>>>>

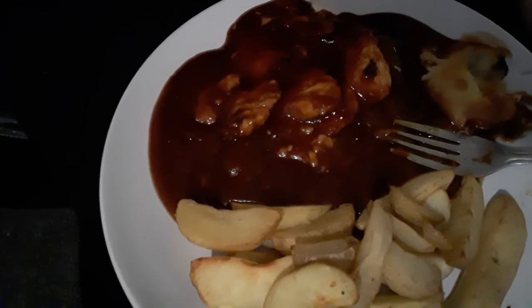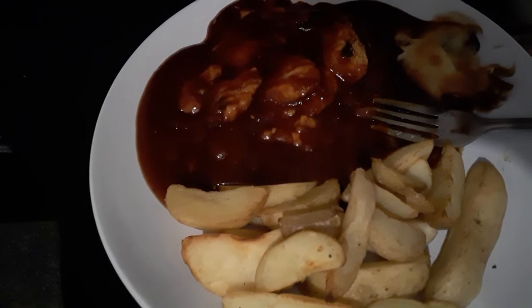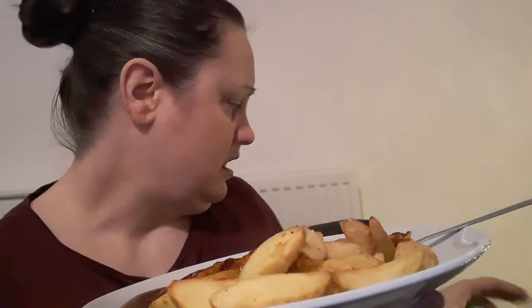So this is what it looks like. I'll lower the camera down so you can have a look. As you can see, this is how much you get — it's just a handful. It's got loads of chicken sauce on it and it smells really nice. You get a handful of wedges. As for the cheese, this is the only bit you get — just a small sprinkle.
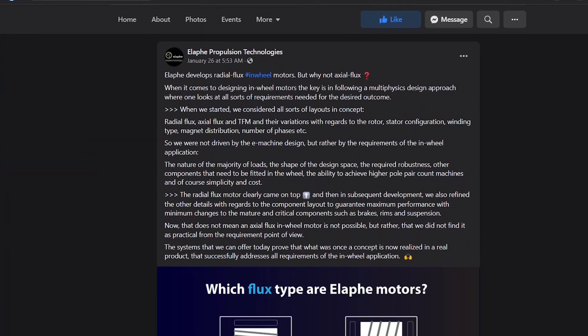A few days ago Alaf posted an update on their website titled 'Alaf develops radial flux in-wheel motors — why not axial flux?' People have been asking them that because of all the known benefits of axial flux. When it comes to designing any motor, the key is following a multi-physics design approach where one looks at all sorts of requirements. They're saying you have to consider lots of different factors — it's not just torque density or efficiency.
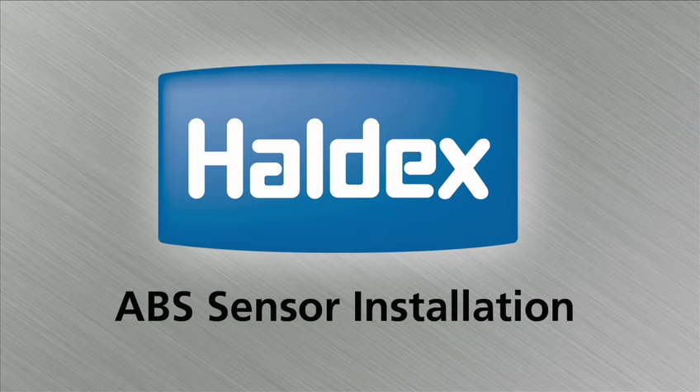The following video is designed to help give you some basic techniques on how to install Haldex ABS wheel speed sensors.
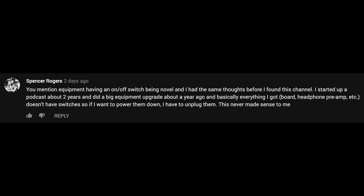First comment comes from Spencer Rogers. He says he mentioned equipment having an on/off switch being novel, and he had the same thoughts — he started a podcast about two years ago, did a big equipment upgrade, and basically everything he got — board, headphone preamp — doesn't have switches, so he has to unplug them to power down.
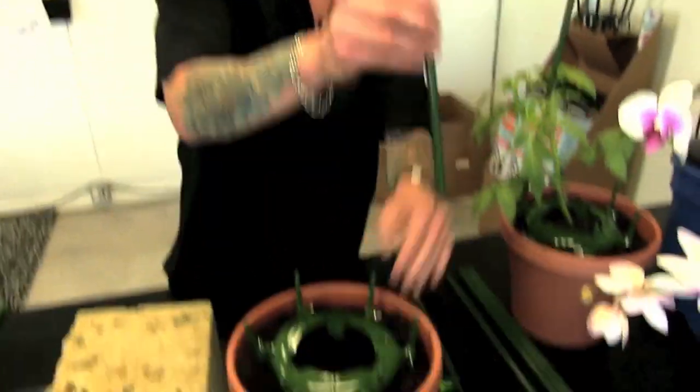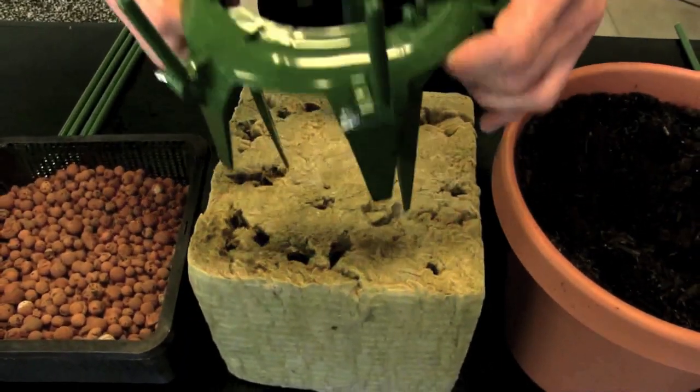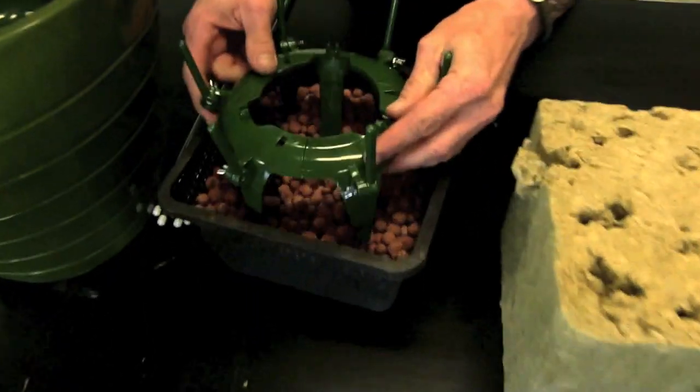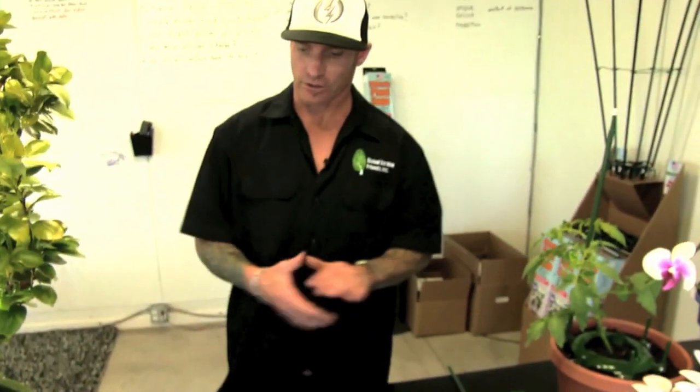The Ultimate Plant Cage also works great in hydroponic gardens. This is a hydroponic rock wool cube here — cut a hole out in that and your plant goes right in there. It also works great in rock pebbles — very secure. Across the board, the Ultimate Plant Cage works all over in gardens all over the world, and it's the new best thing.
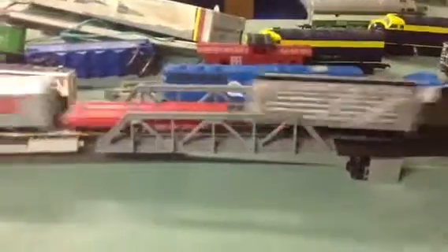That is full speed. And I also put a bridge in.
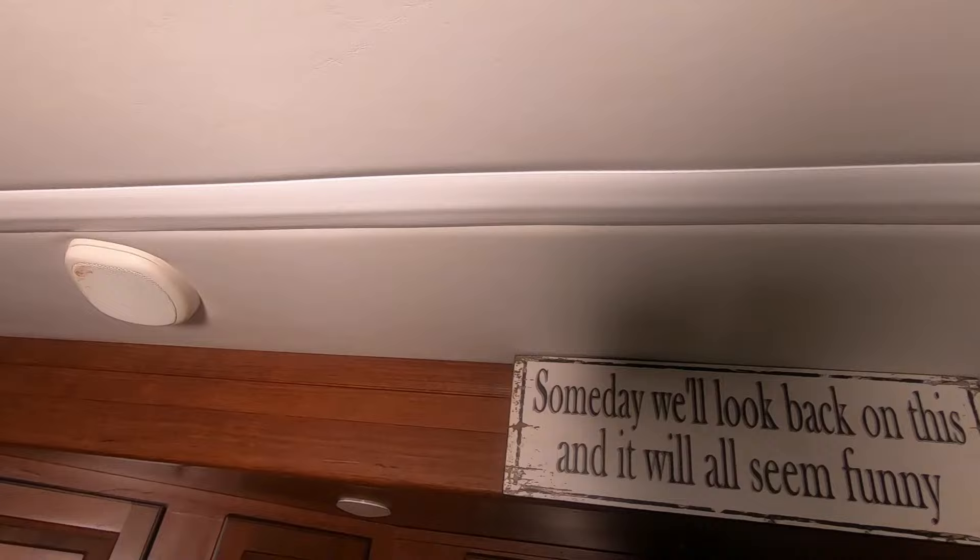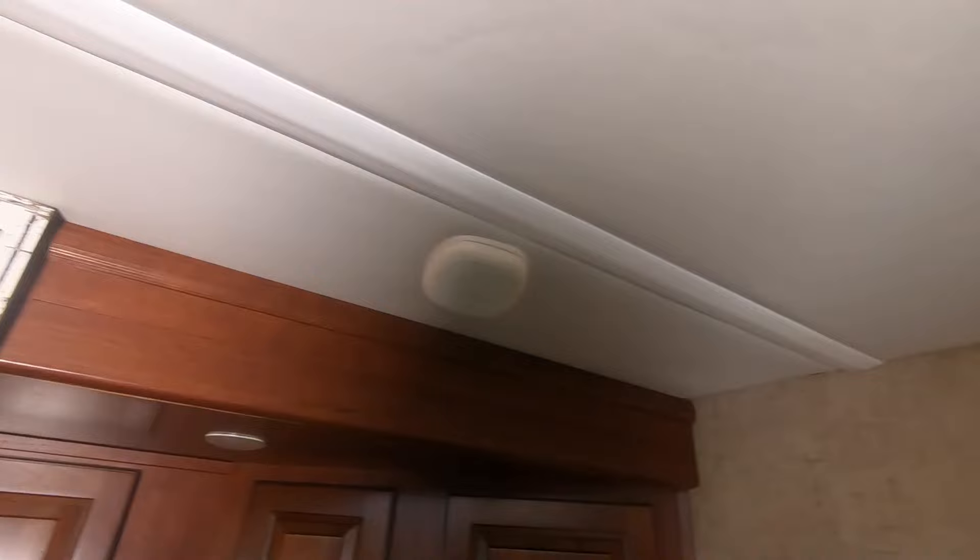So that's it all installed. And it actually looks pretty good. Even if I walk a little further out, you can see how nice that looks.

<<<<

**Task brief**
Please reproduce every record exactly, leaving the pictures out.

**Reply to the task**
So this is what it looks like. I'll lower the camera down so you can have a look. As you can see, this is how much you get — it's just a handful. It's got loads of chicken sauce on it and it smells really nice. You get a handful of wedges. As for the cheese, this is the only bit you get — just a small sprinkle.
A few days ago Alaf posted an update on their website titled 'Alaf develops radial flux in-wheel motors — why not axial flux?' People have been asking them that because of all the known benefits of axial flux. When it comes to designing any motor, the key is following a multi-physics design approach where one looks at all sorts of requirements. They're saying you have to consider lots of different factors — it's not just torque density or efficiency.
The following video is designed to help give you some basic techniques on how to install Haldex ABS wheel speed sensors.
First comment comes from Spencer Rogers. He says he mentioned equipment having an on/off switch being novel, and he had the same thoughts — he started a podcast about two years ago, did a big equipment upgrade, and basically everything he got — board, headphone preamp — doesn't have switches, so he has to unplug them to power down.
The Ultimate Plant Cage also works great in hydroponic gardens. This is a hydroponic rock wool cube here — cut a hole out in that and your plant goes right in there. It also works great in rock pebbles — very secure. Across the board, the Ultimate Plant Cage works all over in gardens all over the world, and it's the new best thing.
That is full speed. And I also put a bridge in.
So that's it all installed. And it actually looks pretty good. Even if I walk a little further out, you can see how nice that looks.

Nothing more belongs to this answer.